» **Task item**
Nothing but the lines below from the one that contains "Used 2023 Chevrolet" through the one that contains "der Karnevalssession Die" should be retyped, exactly and including both ends. Do not include pictures.

» **Available data**
┌────────
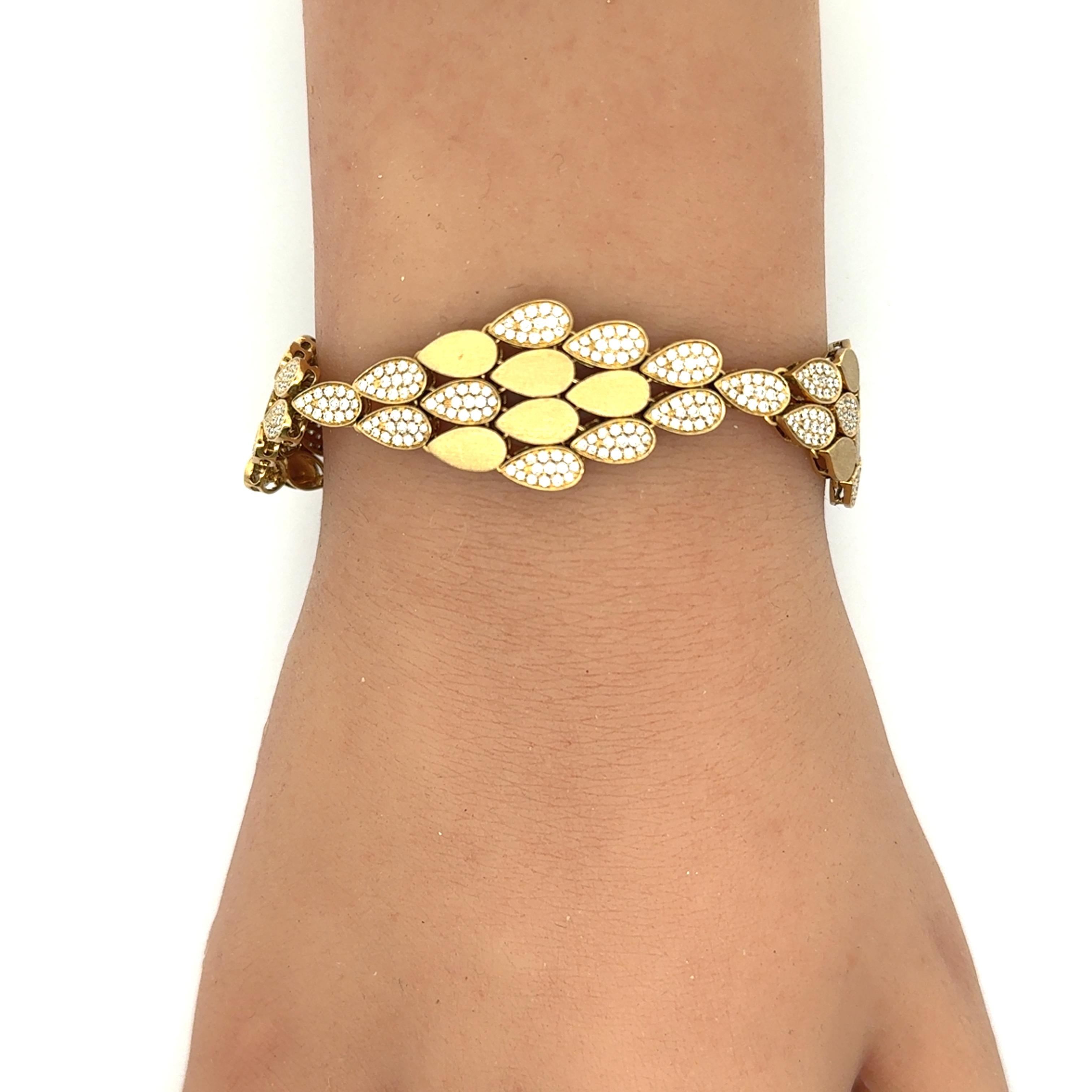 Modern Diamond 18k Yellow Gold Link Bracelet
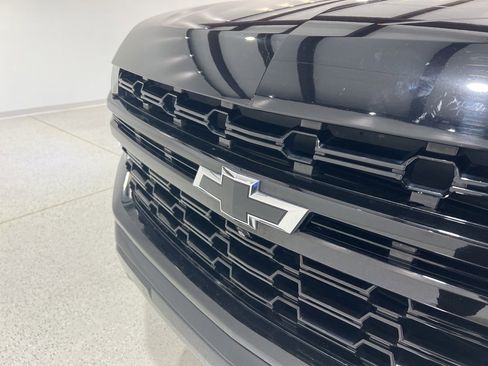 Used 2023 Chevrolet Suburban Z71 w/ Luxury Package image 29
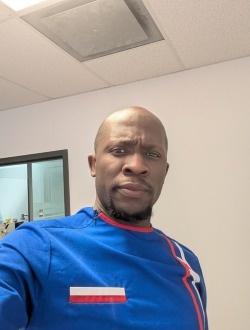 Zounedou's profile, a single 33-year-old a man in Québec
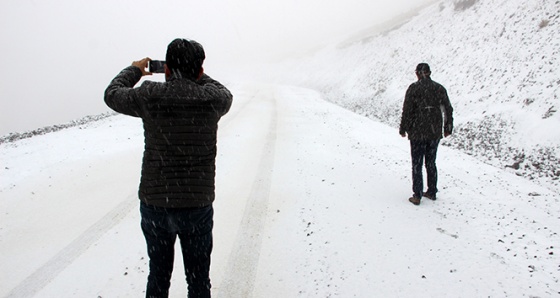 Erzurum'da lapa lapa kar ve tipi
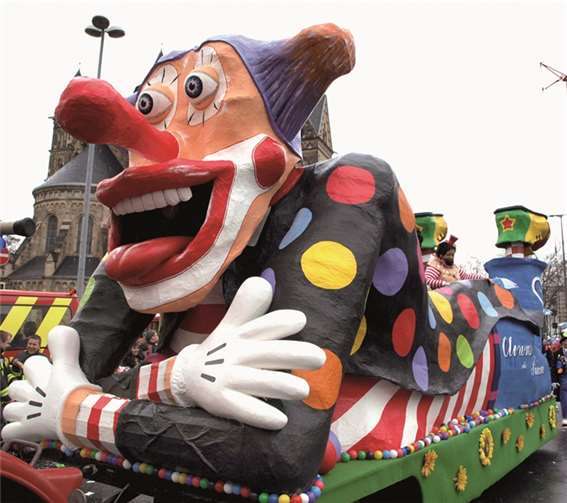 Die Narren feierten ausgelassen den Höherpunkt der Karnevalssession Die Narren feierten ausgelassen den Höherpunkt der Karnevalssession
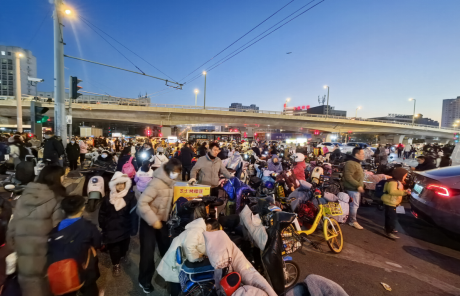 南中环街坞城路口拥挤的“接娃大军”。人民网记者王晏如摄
└────────
┌────────
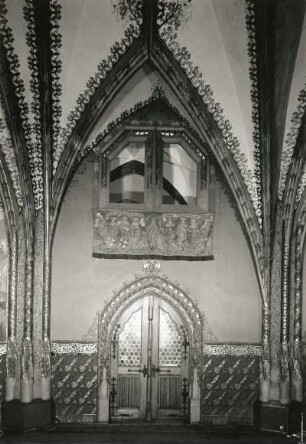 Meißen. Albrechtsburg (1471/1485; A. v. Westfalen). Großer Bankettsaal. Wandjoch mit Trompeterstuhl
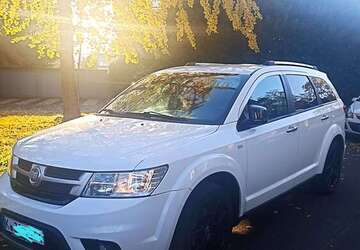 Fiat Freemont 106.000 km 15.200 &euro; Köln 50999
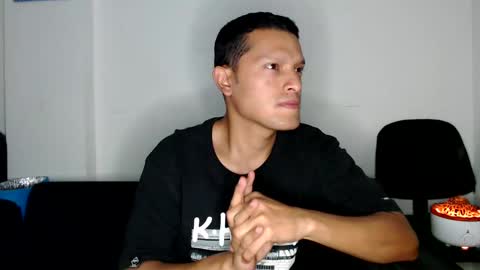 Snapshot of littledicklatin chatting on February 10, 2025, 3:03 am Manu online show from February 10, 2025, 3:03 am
└────────
» **Exercise result**
 Used 2023 Chevrolet Suburban Z71 w/ Luxury Package image 29
 Zounedou's profile, a single 33-year-old a man in Québec
 Erzurum'da lapa lapa kar ve tipi
 Die Narren feierten ausgelassen den Höherpunkt der Karnevalssession Die Narren feierten ausgelassen den Höherpunkt der Karnevalssession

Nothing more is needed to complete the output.